Massive Attack ft. Azekel, “Ritual Spirit”, in https://www.youtube.com/watch?v=fhI5T_NKYxc
Passou uma temporada longa longe das luzes da ribalta. A pele esbranquiçada era prova irrefutável. Gente assim não consegue estar muito longe dos holofotes onde transitam os aspirantes e aqueles que os inspiram – toda uma fauna que deixa o pensamento em trajes esqueléticos. E o que importa o pensamento?
O regresso – come back, na língua de trapos de que se servem – foi preparado com critério. Reativou conhecimentos e contactos (há que saber diferenciar os estatutos). Sabendo que nada é gratuito nestes tempos, foi prometendo compensações. Endividava-se antes do tempo, sem ter a garantia de poder restituir os favores com os juros esperados. Acontece amiúde com gente assim: fogem em frente, contornando os contratempos através da sua eliminação do dicionário. Nunca são vítimas da usura dos outros.
Foram muitos almoços pagos por conta. Vernissages frequentadas e beija-mãos cirúrgicos.

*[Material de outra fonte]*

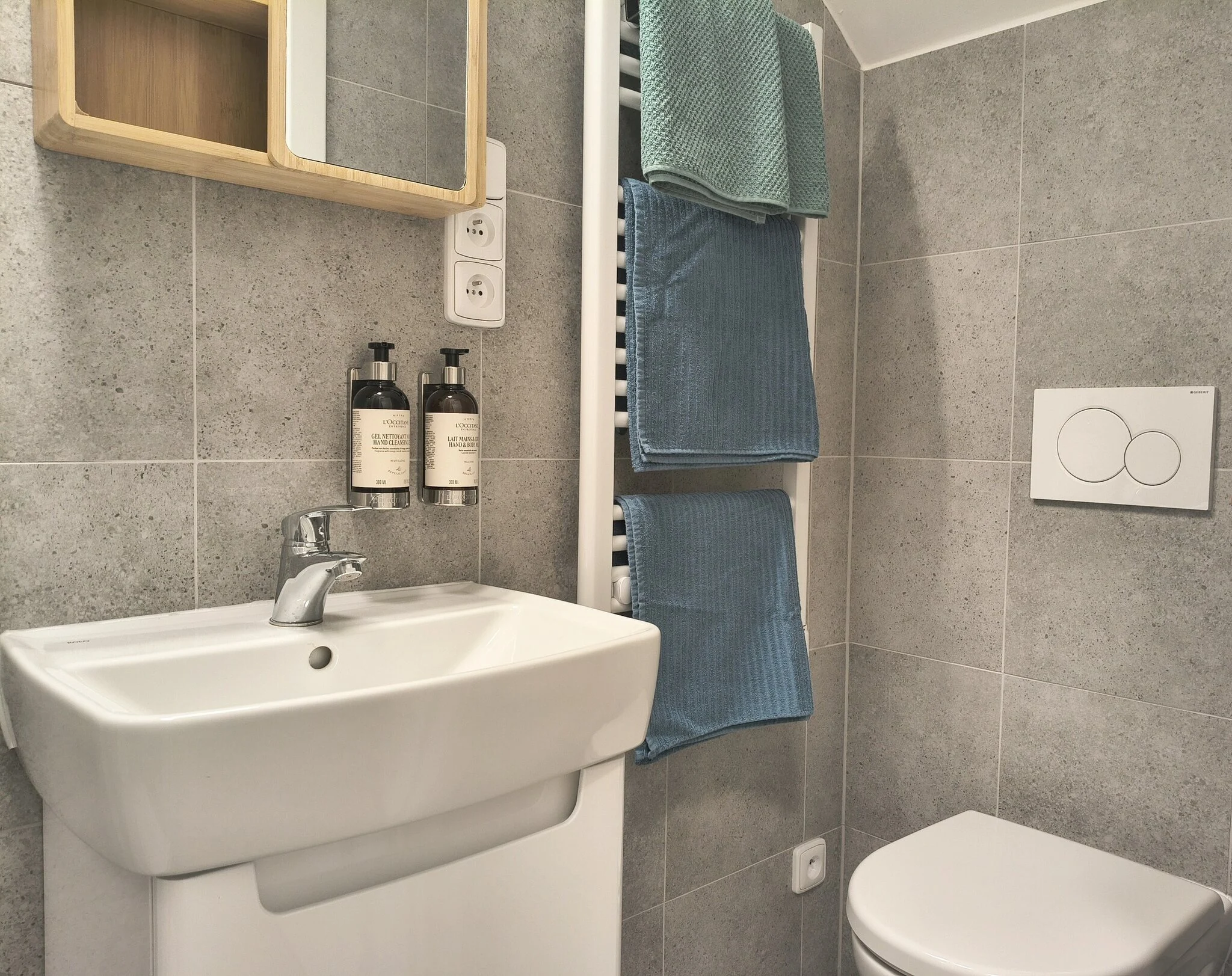 Interior or bathroom photograph of room 410 at CHILL Apartments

Genuflexões oportunistas. Conversas com fotógrafos das revistas coloridas onde o social comunica em circuito fechado, conversas untadas com envelopes preenchidos com notas gordas, convites para lugares de acesso reservado, vales válidos para bens consumíveis que costumam habilitar dependências variegadas. Para os fotógrafos não se esquecerem de escolher um pano de fundo onde ele se encontrava. Tudo na passadeira da notoriedade, sem a qual ninguém passa do anonimato.
Não escondia a excitação do momento. Afinal, o seu nome não caíra em saco roto. Ninguém se escondia dele – a controvérsia que ditara o seu afastamento voluntário dera resultados, é fraca a memória de gente assim que labuta na dificuldade do pensamento. Um corredor de fundo não tem de estar sempre na vanguarda. Sabe esconder-se. O esconderijo ajuda a travar as fragilidades.
Veio o dia retumbante, amanheceu a agenda que ditaria o sim-ou-sopas. Acordou confiante. Vestiu a melhor fazenda. Visitou o coiffeur (ele há palavras que não podem sere ditas no idioma nativo, para não se ser possidónio). A limousine alugada esperava, à hora marcada. À entrada do plateau (outra), procurou a passadeira vermelha que o conduziria à plataforma onde os notáveis posam a pose milimetricamente estudada para as câmaras dos paparazzi. Fez a sua melhor pose – a escola de manequins deixa embebidos na alma os ensinamentos passados aos modelos, o máximo culto do fingimento.
Não sabia descrever a euforia que o percorria. Não cabia dentro de si. Festou imenso. Parlamentou frivolidades com notáveis encartados e com outros em via de o serem. Bebeu, muito. Inalou a droga dos famosos. Não cabia dentro de si. Tanto, que no dia seguinte, quando acordou no exíguo apartamento sito à periferia da grande cidade, não conseguiu reprimir o vazio que o ocupava.
Chegar, ver e vencer pode não passar de um eufemismo.